Better Interactions: People who smile more often are typically treated better. A study from the Journal of Neuropsychologia found that a person watching another person smiling promotes rewarding feelings by the observer, and improves how they act towards you.

Thoughts Towards You: A 2011 study by researchers at the Face Research Laboratory in Scotland found that smiling and eye contact increased both men’s and women’s subjective judgment of attractiveness by the study participants. People tend to view a smiling person as more attractive, reliable, relaxed and sincere (1).

Better Relationships: We are drawn to people who smile more often. Those who smile are considered more likable. Being likable is one of the important components to building and maintaining strong and healthy social bonds and relationships with others. An increase in positive emotions is also linked to better interpersonal skills.

How Smiling Impacts People Around You

Pay it forward with a smile! A smile is considered “contagious”. This is proven analysis of brain activity: The part of your brain that activates when happy and the part that controls the facial expression of smiling reside in an unconscious, automatic response area of the brain called the cingulate cortex. Looking at someone smiling makes your brain want to imitate the expression.
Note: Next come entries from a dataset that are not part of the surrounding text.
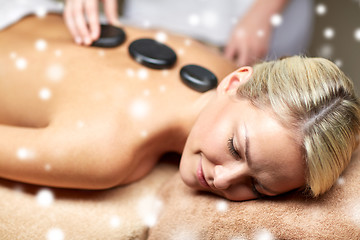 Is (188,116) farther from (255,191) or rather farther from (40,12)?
(40,12)

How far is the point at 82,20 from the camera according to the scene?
1.12m

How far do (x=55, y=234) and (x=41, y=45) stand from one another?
504 millimetres

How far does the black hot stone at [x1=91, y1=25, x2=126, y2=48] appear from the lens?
1.07 m

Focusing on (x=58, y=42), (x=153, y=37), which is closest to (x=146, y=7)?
(x=153, y=37)

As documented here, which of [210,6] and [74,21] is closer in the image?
[74,21]

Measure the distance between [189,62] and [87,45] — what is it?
281 millimetres

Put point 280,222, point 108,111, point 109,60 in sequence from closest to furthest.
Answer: point 280,222
point 108,111
point 109,60

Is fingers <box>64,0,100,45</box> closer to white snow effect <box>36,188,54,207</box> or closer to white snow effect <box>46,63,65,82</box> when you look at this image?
white snow effect <box>46,63,65,82</box>

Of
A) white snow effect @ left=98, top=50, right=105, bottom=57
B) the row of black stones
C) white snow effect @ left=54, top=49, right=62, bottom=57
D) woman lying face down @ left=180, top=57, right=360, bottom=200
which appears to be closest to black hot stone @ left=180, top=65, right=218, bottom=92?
the row of black stones

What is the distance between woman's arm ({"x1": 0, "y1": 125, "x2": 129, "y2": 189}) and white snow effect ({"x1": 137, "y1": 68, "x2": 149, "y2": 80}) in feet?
0.68

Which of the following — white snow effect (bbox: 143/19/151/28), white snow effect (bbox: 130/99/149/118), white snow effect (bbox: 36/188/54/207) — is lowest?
white snow effect (bbox: 36/188/54/207)

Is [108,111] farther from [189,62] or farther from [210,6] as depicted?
[210,6]

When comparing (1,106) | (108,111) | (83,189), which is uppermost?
(108,111)

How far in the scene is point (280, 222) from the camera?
780mm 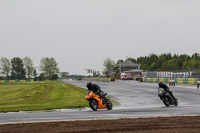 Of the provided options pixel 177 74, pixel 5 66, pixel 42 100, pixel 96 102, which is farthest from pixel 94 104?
pixel 5 66

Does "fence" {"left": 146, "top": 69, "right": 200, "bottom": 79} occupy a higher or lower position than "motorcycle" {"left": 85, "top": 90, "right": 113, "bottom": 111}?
higher

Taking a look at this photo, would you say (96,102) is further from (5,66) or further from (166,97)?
(5,66)

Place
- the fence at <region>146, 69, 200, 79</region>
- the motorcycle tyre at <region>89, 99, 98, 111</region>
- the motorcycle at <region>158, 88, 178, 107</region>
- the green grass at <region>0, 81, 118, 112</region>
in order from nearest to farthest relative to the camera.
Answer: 1. the motorcycle tyre at <region>89, 99, 98, 111</region>
2. the motorcycle at <region>158, 88, 178, 107</region>
3. the green grass at <region>0, 81, 118, 112</region>
4. the fence at <region>146, 69, 200, 79</region>

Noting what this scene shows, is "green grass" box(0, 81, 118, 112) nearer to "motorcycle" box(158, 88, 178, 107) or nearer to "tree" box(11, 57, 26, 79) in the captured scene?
"motorcycle" box(158, 88, 178, 107)

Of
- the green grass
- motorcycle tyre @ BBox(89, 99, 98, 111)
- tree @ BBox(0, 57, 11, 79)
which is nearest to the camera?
motorcycle tyre @ BBox(89, 99, 98, 111)

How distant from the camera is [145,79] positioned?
3664 inches

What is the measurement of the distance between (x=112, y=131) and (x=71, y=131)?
1.08 meters

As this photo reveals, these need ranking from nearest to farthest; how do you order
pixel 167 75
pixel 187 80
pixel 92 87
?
pixel 92 87 < pixel 187 80 < pixel 167 75

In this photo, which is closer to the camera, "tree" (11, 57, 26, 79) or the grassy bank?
the grassy bank

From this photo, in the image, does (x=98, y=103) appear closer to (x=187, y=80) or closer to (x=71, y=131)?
(x=71, y=131)

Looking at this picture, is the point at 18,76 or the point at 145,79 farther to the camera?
the point at 18,76

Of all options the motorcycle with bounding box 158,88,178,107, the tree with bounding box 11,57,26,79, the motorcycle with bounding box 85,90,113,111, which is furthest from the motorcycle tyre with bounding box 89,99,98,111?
the tree with bounding box 11,57,26,79

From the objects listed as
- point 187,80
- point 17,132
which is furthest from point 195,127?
point 187,80

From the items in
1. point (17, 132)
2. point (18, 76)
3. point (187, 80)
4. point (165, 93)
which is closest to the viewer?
point (17, 132) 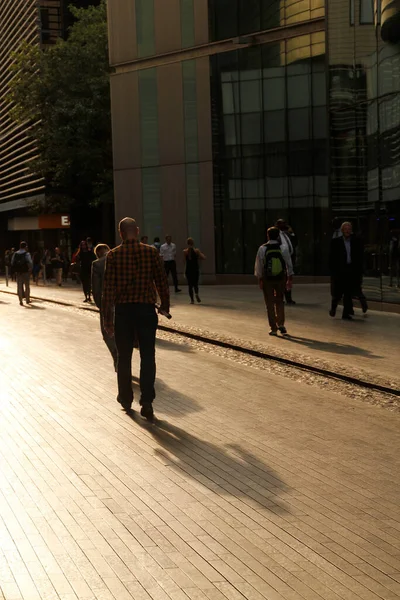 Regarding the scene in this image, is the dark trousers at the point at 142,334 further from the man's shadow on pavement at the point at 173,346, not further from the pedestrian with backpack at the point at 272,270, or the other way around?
the pedestrian with backpack at the point at 272,270

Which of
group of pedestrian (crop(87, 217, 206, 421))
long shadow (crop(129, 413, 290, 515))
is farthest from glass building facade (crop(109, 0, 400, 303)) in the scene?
long shadow (crop(129, 413, 290, 515))

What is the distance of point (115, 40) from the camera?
39.6m

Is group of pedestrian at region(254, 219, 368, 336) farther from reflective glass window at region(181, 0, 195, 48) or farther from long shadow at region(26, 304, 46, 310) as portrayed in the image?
reflective glass window at region(181, 0, 195, 48)

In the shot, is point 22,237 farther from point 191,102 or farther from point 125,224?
point 125,224

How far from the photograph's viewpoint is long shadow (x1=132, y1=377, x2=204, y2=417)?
9.47 metres

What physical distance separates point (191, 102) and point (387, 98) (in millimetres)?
16868

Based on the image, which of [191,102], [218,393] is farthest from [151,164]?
[218,393]

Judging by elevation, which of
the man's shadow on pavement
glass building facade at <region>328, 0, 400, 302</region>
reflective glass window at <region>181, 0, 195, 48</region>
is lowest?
the man's shadow on pavement

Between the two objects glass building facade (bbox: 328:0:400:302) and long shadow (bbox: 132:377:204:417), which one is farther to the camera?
glass building facade (bbox: 328:0:400:302)

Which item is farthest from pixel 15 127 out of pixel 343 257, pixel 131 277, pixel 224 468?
pixel 224 468

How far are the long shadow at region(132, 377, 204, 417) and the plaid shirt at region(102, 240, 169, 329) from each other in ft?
3.20

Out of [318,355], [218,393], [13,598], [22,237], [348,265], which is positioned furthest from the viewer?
[22,237]

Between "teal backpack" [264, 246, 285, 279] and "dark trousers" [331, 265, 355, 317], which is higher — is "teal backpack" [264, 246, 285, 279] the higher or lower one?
the higher one

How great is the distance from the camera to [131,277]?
9156 millimetres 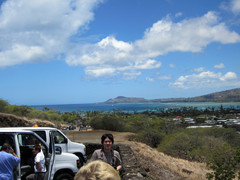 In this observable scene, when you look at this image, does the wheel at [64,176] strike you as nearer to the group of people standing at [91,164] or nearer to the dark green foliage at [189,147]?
the group of people standing at [91,164]

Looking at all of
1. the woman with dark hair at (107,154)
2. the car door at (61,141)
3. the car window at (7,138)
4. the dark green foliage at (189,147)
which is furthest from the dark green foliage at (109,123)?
the woman with dark hair at (107,154)

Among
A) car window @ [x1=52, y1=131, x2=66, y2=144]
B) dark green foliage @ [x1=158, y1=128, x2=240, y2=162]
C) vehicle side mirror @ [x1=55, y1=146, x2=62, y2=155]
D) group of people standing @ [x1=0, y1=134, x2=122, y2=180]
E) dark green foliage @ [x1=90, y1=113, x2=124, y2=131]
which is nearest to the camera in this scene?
group of people standing @ [x1=0, y1=134, x2=122, y2=180]

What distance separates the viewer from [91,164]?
2047 mm

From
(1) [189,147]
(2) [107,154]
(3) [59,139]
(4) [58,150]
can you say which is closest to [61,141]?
(3) [59,139]

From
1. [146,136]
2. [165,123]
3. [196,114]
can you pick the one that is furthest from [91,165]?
[196,114]

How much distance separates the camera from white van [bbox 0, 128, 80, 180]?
236 inches

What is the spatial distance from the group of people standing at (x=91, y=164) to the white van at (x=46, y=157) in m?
0.21

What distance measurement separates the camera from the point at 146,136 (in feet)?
80.3

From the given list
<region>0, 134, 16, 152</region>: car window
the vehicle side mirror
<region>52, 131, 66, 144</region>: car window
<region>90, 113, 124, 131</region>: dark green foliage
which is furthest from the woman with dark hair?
<region>90, 113, 124, 131</region>: dark green foliage

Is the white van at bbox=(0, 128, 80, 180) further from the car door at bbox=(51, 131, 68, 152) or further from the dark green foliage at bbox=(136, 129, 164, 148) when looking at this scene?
the dark green foliage at bbox=(136, 129, 164, 148)

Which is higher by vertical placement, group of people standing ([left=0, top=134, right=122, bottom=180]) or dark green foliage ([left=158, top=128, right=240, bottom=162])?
group of people standing ([left=0, top=134, right=122, bottom=180])

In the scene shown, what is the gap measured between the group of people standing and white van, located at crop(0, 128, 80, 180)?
0.69ft

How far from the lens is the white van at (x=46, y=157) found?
5992 mm

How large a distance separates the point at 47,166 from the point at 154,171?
6.06 metres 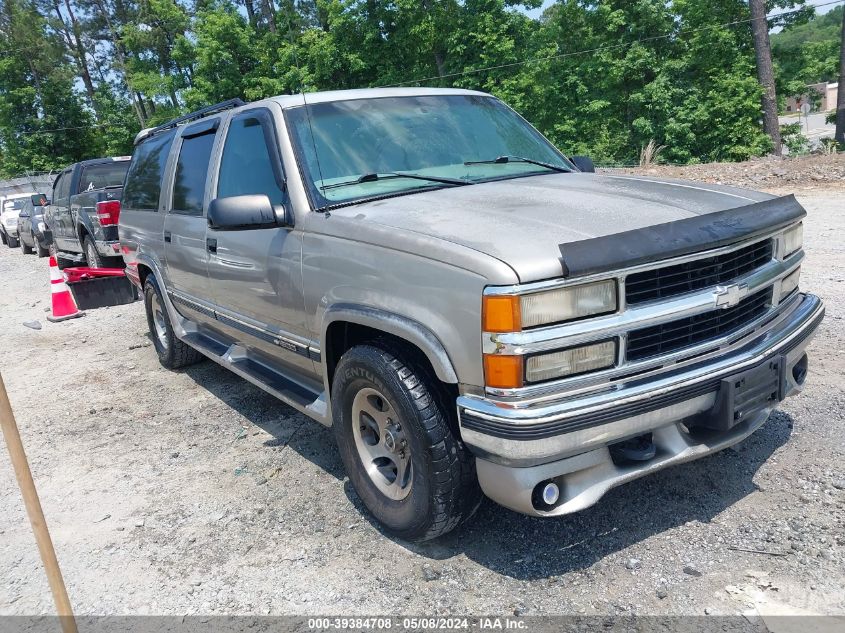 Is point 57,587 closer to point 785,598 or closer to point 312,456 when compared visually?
point 312,456

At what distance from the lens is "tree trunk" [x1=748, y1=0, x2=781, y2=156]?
21594 millimetres

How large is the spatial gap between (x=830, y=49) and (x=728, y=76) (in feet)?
26.3

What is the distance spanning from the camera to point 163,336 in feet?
21.1

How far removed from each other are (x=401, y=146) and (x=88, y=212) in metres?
8.27

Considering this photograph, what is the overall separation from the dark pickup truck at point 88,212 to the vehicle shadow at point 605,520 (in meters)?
7.56

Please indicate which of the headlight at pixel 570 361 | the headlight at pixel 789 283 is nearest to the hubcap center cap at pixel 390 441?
the headlight at pixel 570 361

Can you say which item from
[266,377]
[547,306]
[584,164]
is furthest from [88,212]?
[547,306]

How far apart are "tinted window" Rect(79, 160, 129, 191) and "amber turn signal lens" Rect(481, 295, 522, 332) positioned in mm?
10784

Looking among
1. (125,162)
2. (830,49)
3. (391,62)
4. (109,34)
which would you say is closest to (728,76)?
(830,49)

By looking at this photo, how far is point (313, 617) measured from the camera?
2.75m

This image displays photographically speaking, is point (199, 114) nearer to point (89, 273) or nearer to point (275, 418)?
point (275, 418)

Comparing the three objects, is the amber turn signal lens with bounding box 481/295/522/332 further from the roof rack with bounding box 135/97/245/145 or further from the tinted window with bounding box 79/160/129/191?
the tinted window with bounding box 79/160/129/191

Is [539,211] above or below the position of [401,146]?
below

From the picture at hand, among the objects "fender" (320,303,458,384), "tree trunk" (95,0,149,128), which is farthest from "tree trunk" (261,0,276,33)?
"fender" (320,303,458,384) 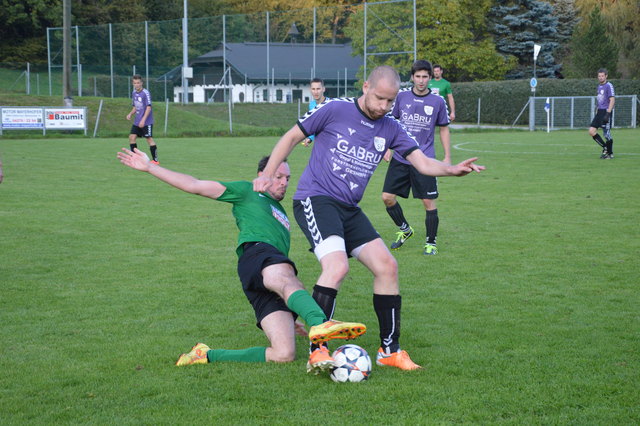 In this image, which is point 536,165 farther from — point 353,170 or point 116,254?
point 353,170

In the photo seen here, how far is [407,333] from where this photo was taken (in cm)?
591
Avoiding a return smile is almost impossible to do without making a conscious effort not to do so  (1).

How Smiling Impacts Your Brain

Each time you actively smile, neurons in your brain are activated and send messages to other parts of the brain and body in response to the smile. These specific messages improve your health, your happiness, lower your stress levels, and relax your body. This occurs due to the release of the “feel-good” neurotransmitters, which are dopamine, endorphins, and serotonin (1).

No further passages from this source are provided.